Recently signed CHIPS and Science Act will benefit Hoosier agriculture

Recent supply chain issues have impacted every industry in America. Anyone involved in Indiana agriculture can certainly attest to that.

These challenges have led to a shortage of combines, tractors and planters. They have limited access to GPS tools necessary to collect yield data. And they have created anxiety at the market, where farmers face uncertain prices and increased gas and energy costs.

There is good news though.

Legislation I authored to address this crisis – and prevent future ones – was signed into law last month.

The legislation went by many titles — the Endless Frontier Act, the U.S. Innovation and Competition Act, and finally the CHIPS and Science Act.

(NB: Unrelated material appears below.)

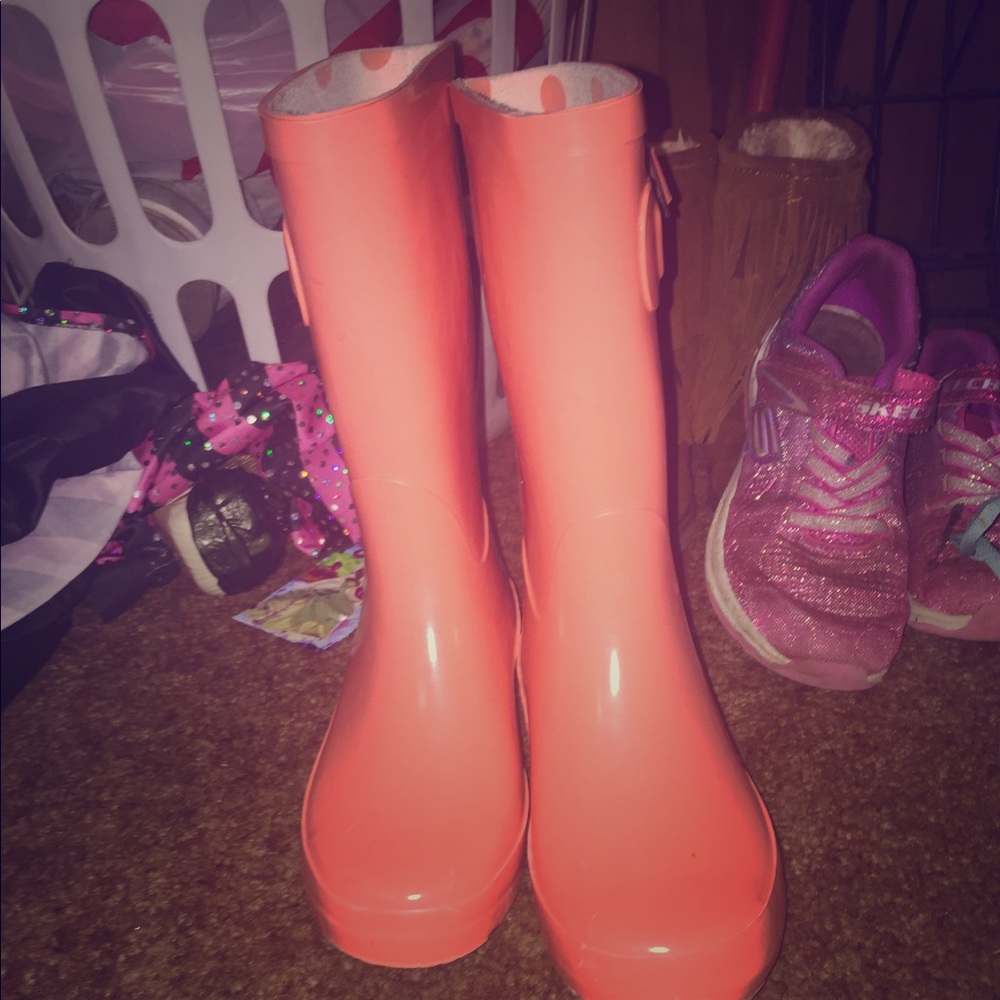 Orange rain boots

Whatever its name, enactment of this legislation is not only a win for Indiana agriculture, but also a bold investment in America’s national security.

Sen. Todd Young (R-Ind.) talks with farmers during a Shop Talk event on the Henry County farm of M&P Chair Matthew Chapman.

I wrote the original version of this bill recognizing that we are in an ongoing global power competition with China.

In the last year, Hoosiers saw just how vulnerable — militarily and economically — America is to an increasingly technologically superior China.

America’s supply chain ground to a halt because of a shortage of semiconductors, leaving plants like General Motors in Fort Wayne sitting idle and the floors of farm equipment dealerships empty. These tiny chips bring life to our cellphones, cars, and appliances — almost anything with a motor or a plug, including our military platforms and increasingly farm equipment.

America makes only 12 percent of the global supply of semiconductors, and China is investing heavily in semiconductor production. China is now on pace to control roughly 20 percent of the market by 2024. Ninety percent of the chips in our military hardware are currently made overseas.

This is all part of Beijing’s bet to beat America. But the CHIPS and Science Act helps America counter that bet.

This new law provides $50 billion to jumpstart semiconductor production here in the United States. A thriving domestic chip industry will prevent future supply chain stoppages, protect Hoosier famers, and safeguard America’s military readiness.

And it will benefit the Heartland economy. A corridor of the semiconductor industry will run through Indiana. Thanks to this law, SkyWater Technology is moving forward with plans to partner with Purdue to build a $1.8 billion facility in West Lafayette that will manufacture semiconductor chips and create an estimated 750 Hoosier jobs.

The truth is our country faces a defense deficit, in large part because the Chinese government is heavily subsidizing industries and the development of mission critical technologies that the Chinese Communist Party hopes will give it an upper hand, both militarily and economically. It is simply not a level playing field. Given this reality, we face two choices: do nothing and cede the future, or make smart investments in the American people and our national security to win the future.

Supply chain disruptions have been difficult for Indiana agriculture. But because of the CHIPS and Science Act, I’m confident that we are addressing these challenges and building a more prosperous and secure tomorrow for all Americans.

Sen. Todd Young represents the State of Indiana. He currently serves on the U.S. Senate Committees on Finance; Foreign Relations; Commerce, Science and Transportation; and Small Business and Entrepreneurship. Previously, in the House, he served on the House Armed Services Committee, the House Budget Committee, and most recently the House Ways and Means Committee.